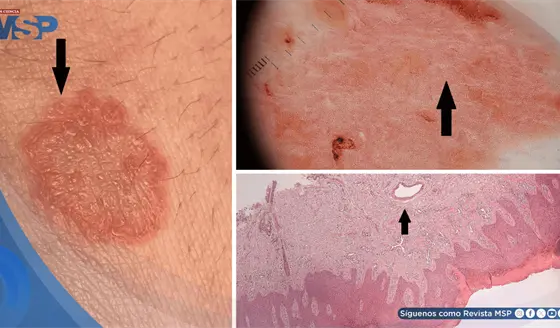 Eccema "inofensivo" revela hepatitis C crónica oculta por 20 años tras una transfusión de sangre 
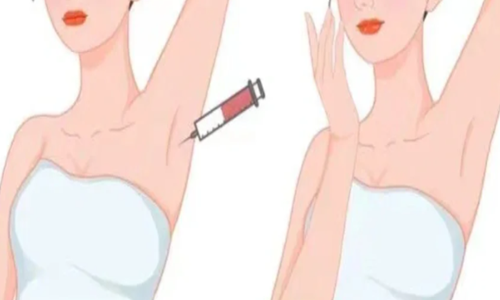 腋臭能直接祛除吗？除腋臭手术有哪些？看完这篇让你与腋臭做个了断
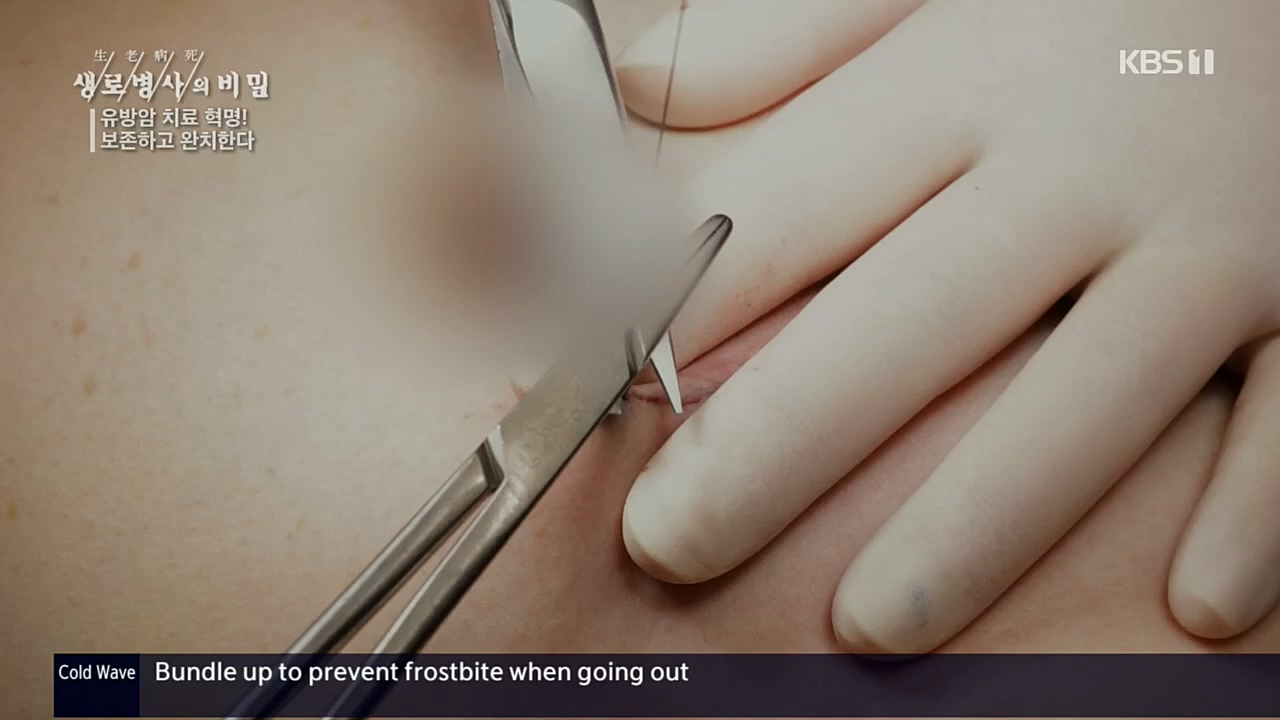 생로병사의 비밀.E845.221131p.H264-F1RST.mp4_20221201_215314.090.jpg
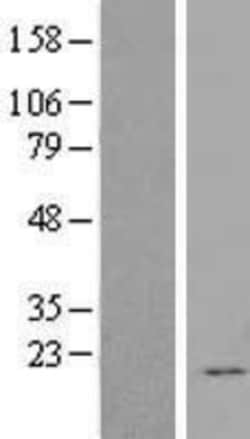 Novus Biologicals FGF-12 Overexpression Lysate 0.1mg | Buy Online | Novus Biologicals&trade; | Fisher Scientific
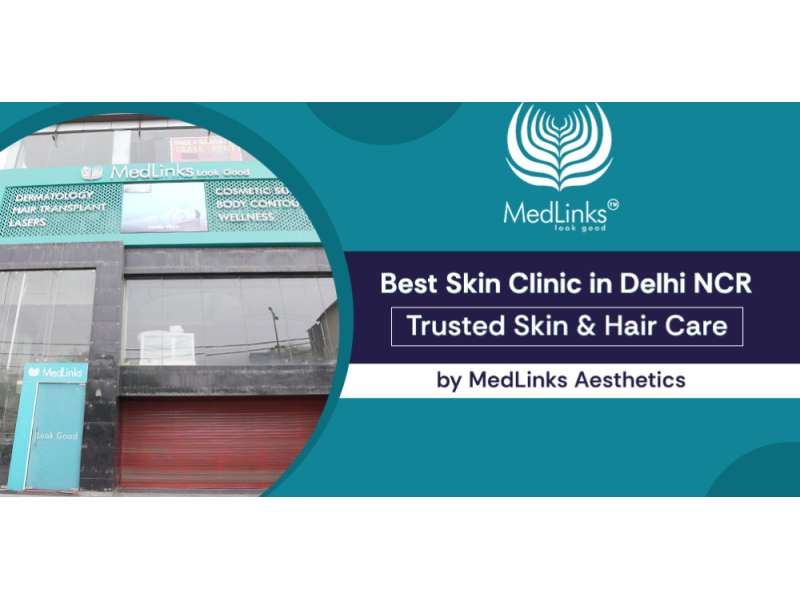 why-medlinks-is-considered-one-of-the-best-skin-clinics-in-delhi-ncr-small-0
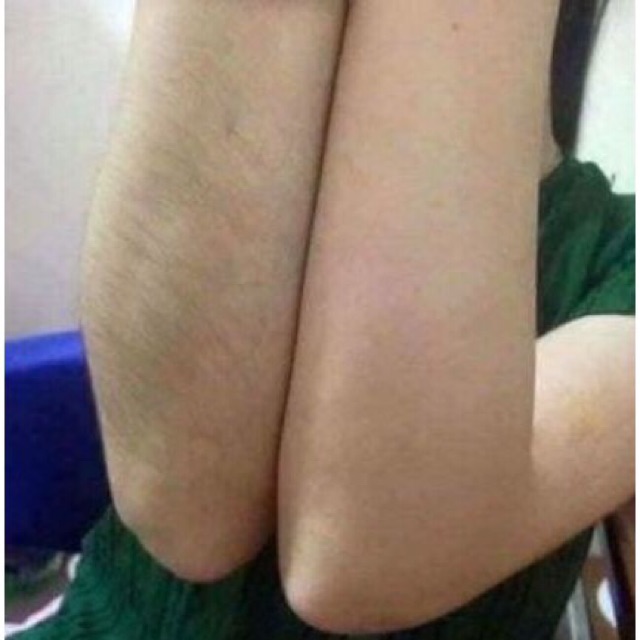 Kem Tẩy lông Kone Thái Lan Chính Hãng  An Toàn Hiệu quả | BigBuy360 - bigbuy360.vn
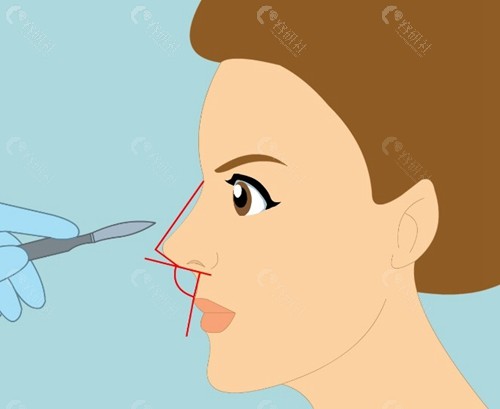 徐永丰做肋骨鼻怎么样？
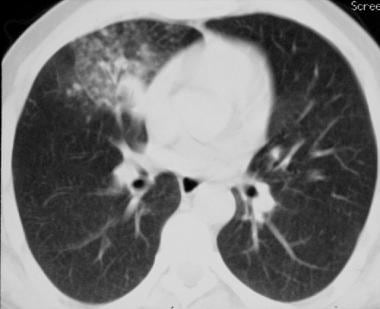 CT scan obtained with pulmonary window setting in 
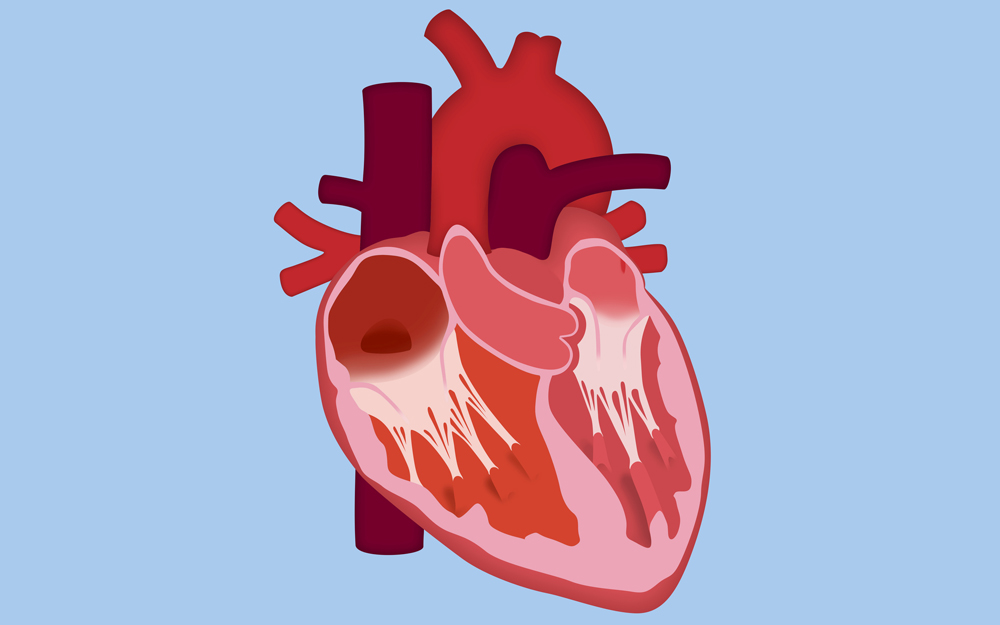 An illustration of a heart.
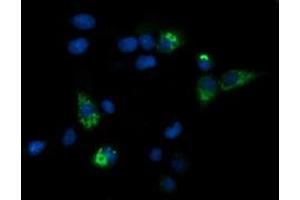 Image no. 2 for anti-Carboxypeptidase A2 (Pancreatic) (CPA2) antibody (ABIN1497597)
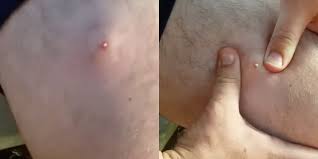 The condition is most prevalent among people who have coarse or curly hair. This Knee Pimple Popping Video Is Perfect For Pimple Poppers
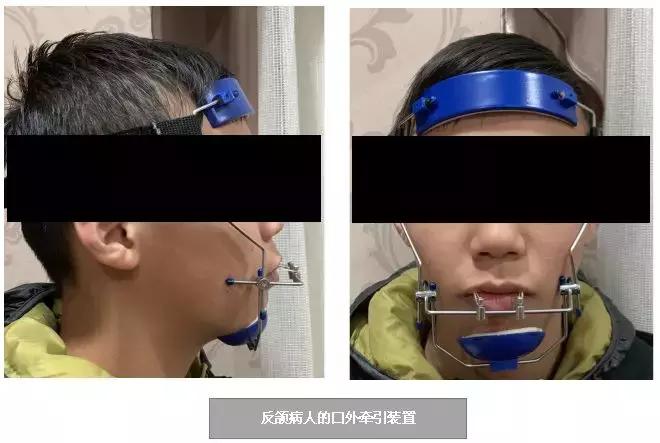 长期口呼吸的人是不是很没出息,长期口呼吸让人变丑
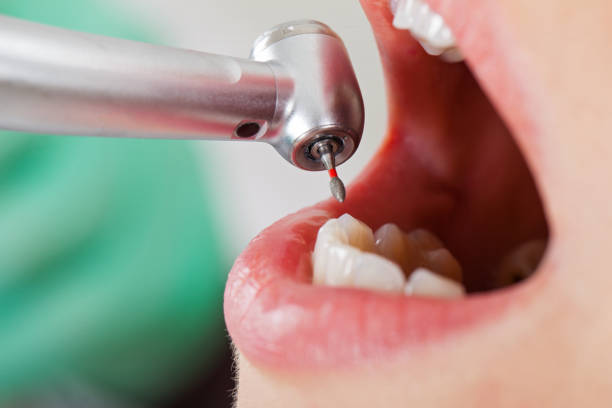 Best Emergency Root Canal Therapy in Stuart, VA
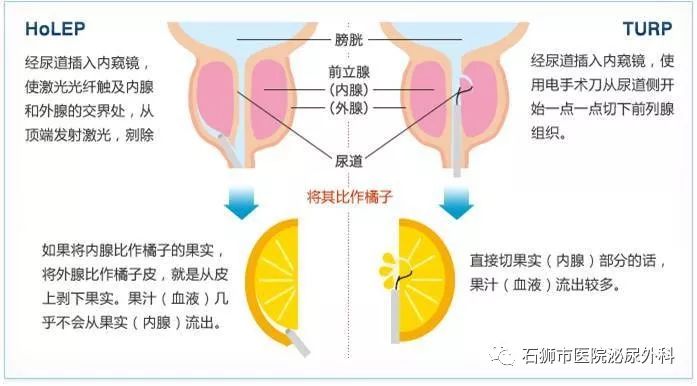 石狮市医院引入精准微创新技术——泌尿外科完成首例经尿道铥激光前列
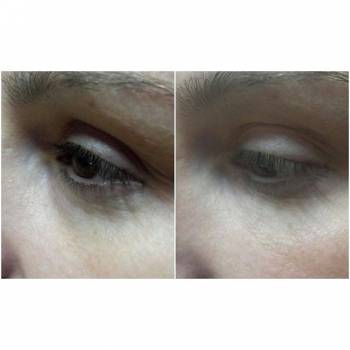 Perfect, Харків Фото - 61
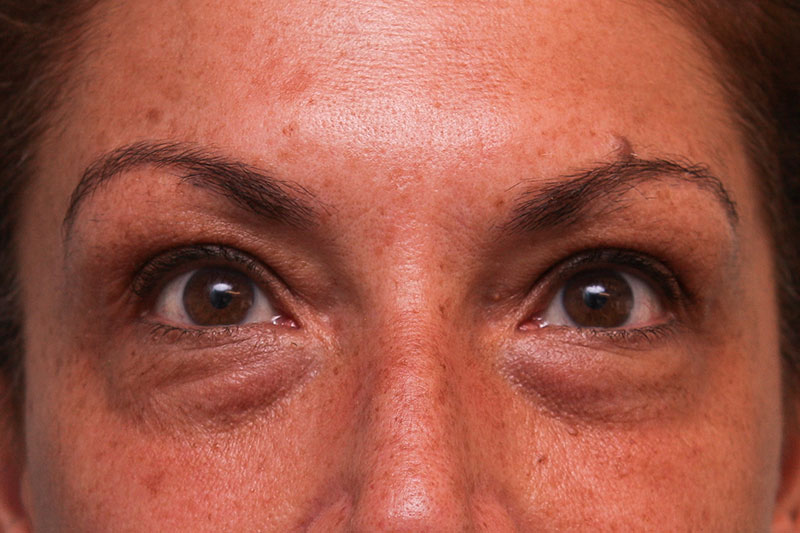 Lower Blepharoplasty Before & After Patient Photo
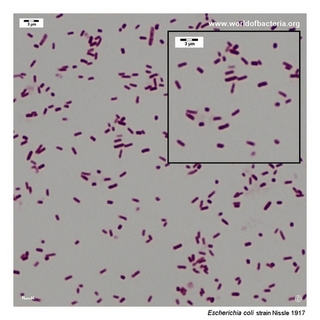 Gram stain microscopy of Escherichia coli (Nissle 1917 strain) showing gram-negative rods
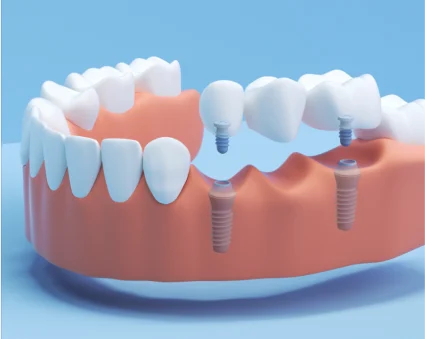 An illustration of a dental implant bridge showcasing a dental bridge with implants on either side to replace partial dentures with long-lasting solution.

──────────────────────────────

→ **About this exercise**
Repeat the listing word for word, but without its pictures.

→ **Exercise response**
 Eccema "inofensivo" revela hepatitis C crónica oculta por 20 años tras una transfusión de sangre 
 腋臭能直接祛除吗？除腋臭手术有哪些？看完这篇让你与腋臭做个了断
 생로병사의 비밀.E845.221131p.H264-F1RST.mp4_20221201_215314.090.jpg
 Novus Biologicals FGF-12 Overexpression Lysate 0.1mg | Buy Online | Novus Biologicals&trade; | Fisher Scientific
 why-medlinks-is-considered-one-of-the-best-skin-clinics-in-delhi-ncr-small-0
 Kem Tẩy lông Kone Thái Lan Chính Hãng  An Toàn Hiệu quả | BigBuy360 - bigbuy360.vn
 徐永丰做肋骨鼻怎么样？
 CT scan obtained with pulmonary window setting in 
 An illustration of a heart.
 Image no. 2 for anti-Carboxypeptidase A2 (Pancreatic) (CPA2) antibody (ABIN1497597)
 The condition is most prevalent among people who have coarse or curly hair. This Knee Pimple Popping Video Is Perfect For Pimple Poppers
 长期口呼吸的人是不是很没出息,长期口呼吸让人变丑
 Best Emergency Root Canal Therapy in Stuart, VA
 石狮市医院引入精准微创新技术——泌尿外科完成首例经尿道铥激光前列
 Perfect, Харків Фото - 61
 Lower Blepharoplasty Before & After Patient Photo
 Gram stain microscopy of Escherichia coli (Nissle 1917 strain) showing gram-negative rods
 An illustration of a dental implant bridge showcasing a dental bridge with implants on either side to replace partial dentures with long-lasting solution.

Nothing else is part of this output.